The eldest, 42-year-old Donald Jr, stayed in New York with Eric to officially take over the family's Trump Organization while their father was off to Washington.
But he has simultaneously become a star of the Trump base, fiercely backing White House policies and routinely defending his father on Twitter, retweeting memes and conspiracy theories and developing his brand of provocation.
Monday evening the Trump scion -- who has hinted at his own political aspirations -- delivered a heated critique of the Democrats, accusing them of "attacking the very principles on which our nation was founded."
He said they were closing their eyes to "rioting, looting and vandalism" along with rising crime in major US cities.
Earlier in the evening his partner Kimberly Guilfoyle -- who was once married to California's Democratic governor Gavin Newsom but made a name as a Fox News host and now works for the Trump 2020 campaign -- delivered an impassioned rally-style speech to an empty auditorium.
Her voice rising, Guilfoyle's dark address warned that Democrats want to "enslave you to the weak, dependent, liberal" ideology.
On Tuesday it's Melania's turn to vouch for her husband: the first lady and third wife of the president will surely be keen to keep the pundits from bringing up her 2016 convention speech, which included phrases curiously similar to Michelle Obama's 2008 convention address.

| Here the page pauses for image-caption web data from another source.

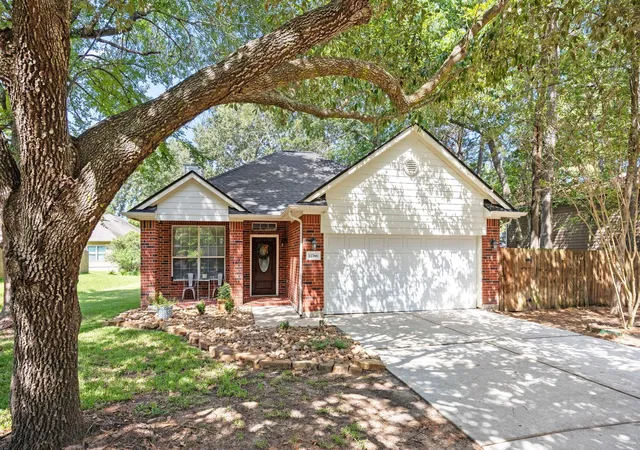 Photo 1 of Single family home for sale at 11366 Glenforest Dr, Montgomery, TX 77356 | MLS# 26626472 | Listing updated on 2026-09-18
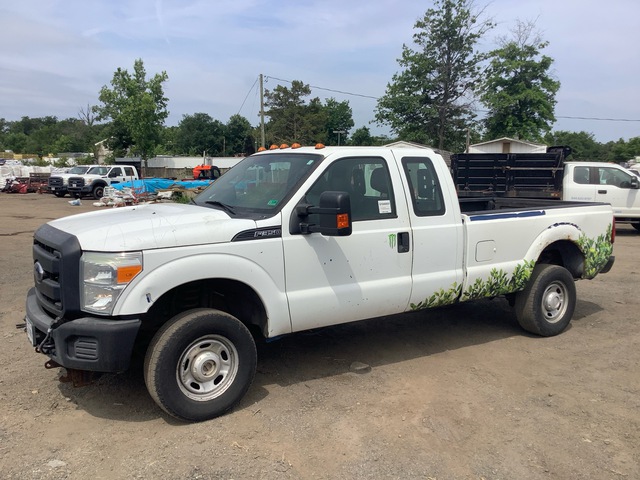 2016 Ford F-350 XL 4x4 Extended Cab Pickup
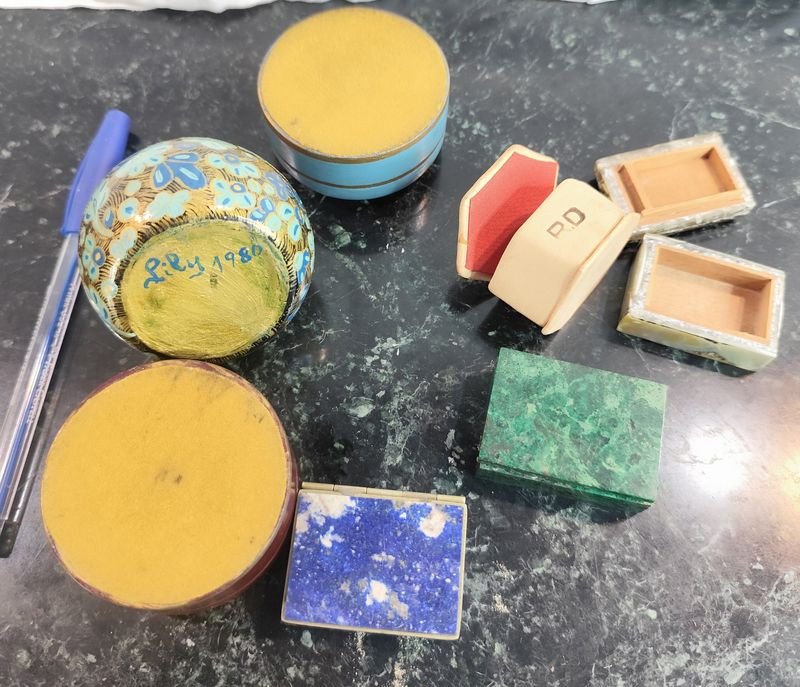 Colección de Pastilleros de Diferentes Épocas y Materiales - imagen 4
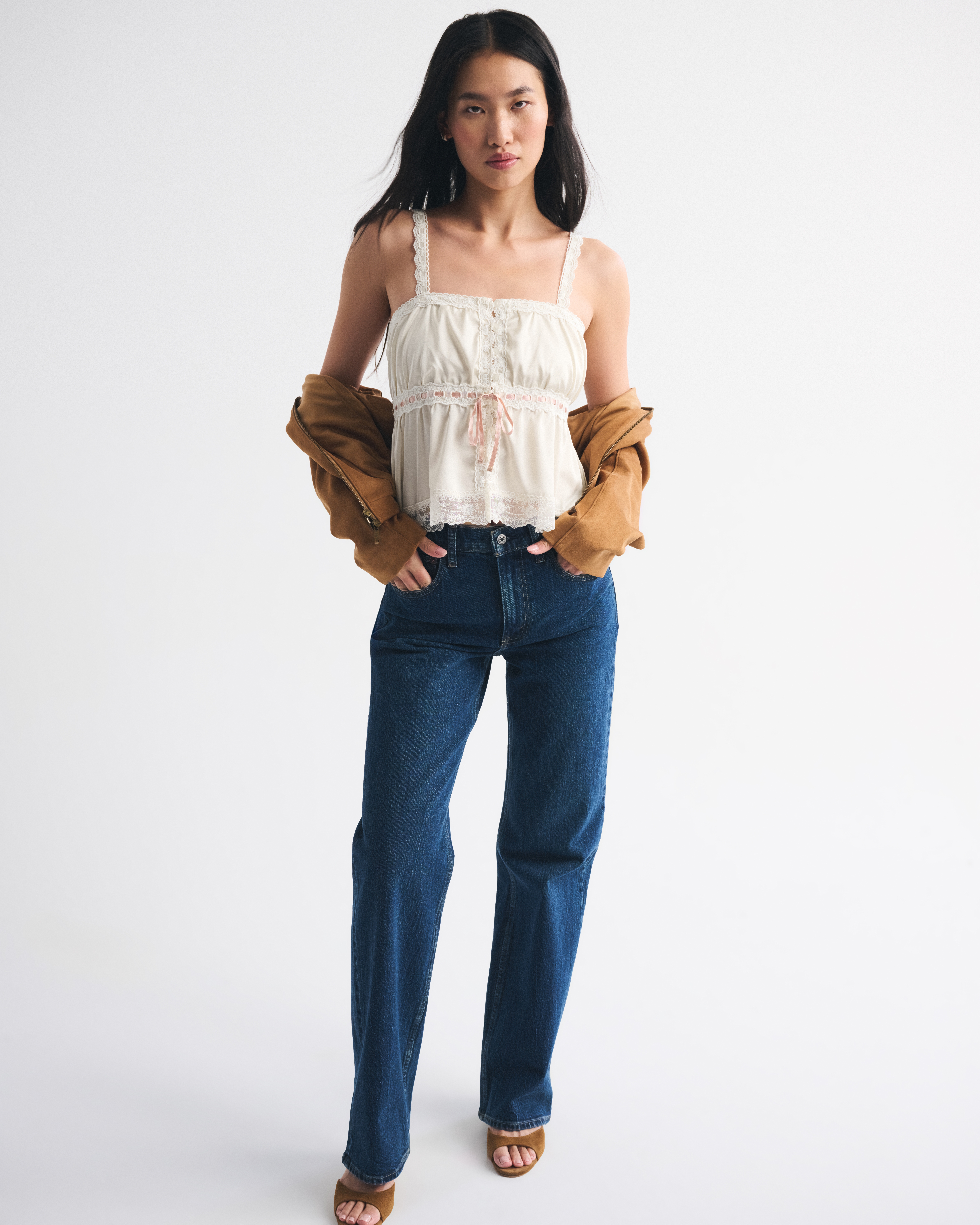 Женские топы Abercrombie & Fitch Lace-Trim Button-Through Cami — фото 3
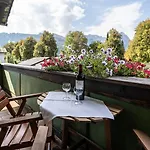 布鲁萨特伽尼酒店 加爾米施-帕滕基興
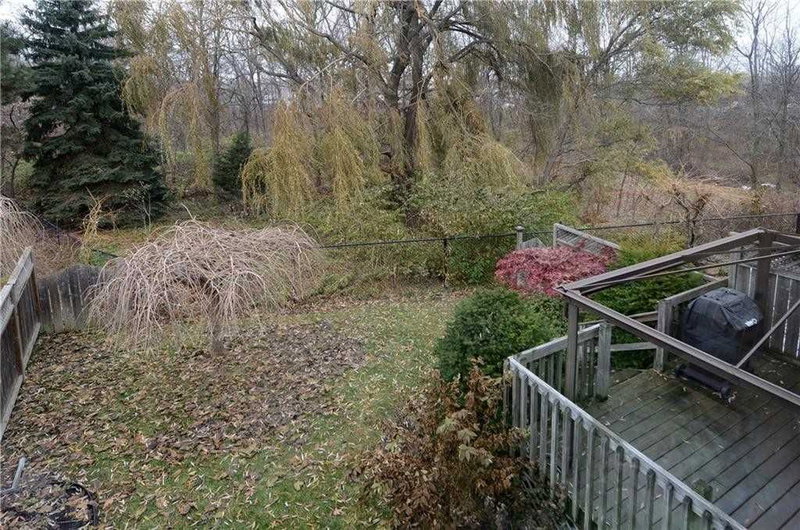 9 - 77 Erion Rd, St. Catharines, L2W 1B4 | Image 2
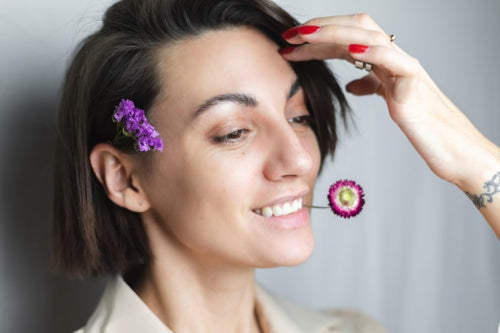 Skin-Loving Benefits of Organic Ingredients in Makeup
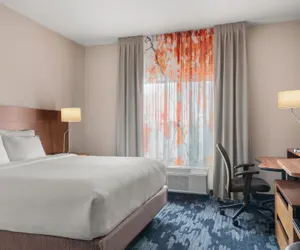 Photo 5 - Fairfield Inn & Suites by Marriott Alexandria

Eric is also hitting the campaign trail for his father despite helming the family's Trump Organization conglomerate and dealing with legal battles related to the company.
He's expected to speak Tuesday along with his sister Tiffany -- Trump's only child with second wife Marla Maples -- before his wife Lara hits the stage Wednesday.
Ivanka Trump -- who with her husband Jared Kushner is a White House advisor -- will play a starring role on Thursday, introducing her father's nomination acceptance speech which will close the convention.
But some Trump clan members will not be in attendance: the president's niece Mary Trump, author of a recent book describing her uncle as a narcissistic liar, was not invited.
Her aunt Maryanne Trump Barry, Trump's 83-year-old sister and a formal federal judge, has also called her brother a liar.
"It's the phoniness and this cruelty. Donald is cruel," she said in recordings made public by Mary Trump.
Those absences are not surprising but Kusher's has raised eyebrows.
"He may have lost his star," said scholar Panagopoulous.
Still, in a White House that has seen the departure of many top members since 2017, the omnipresence of the president's family members at the convention suggests "when it comes to people that can sell him to the American people as someone worthy of being reelected... perhaps he can only really trust members of his own family," said Katherine Jellison, a historian at Ohio University.
She recalled that Trump's family has always been closely linked to his business: "Trump branding is always what the Trump family has been about," Jellison said.
But never in recent American history, she said, has a president's family played such a preeminent role.
The Kennedys present the closest parallel, she said, but in contrast with Trump, president John F. Kennedy "didn't want to keep reminding people of those family members' influence."
Are the Trumps going too far in the opposite direction?
"It is up to the American voters to decide," said Panagopoulos.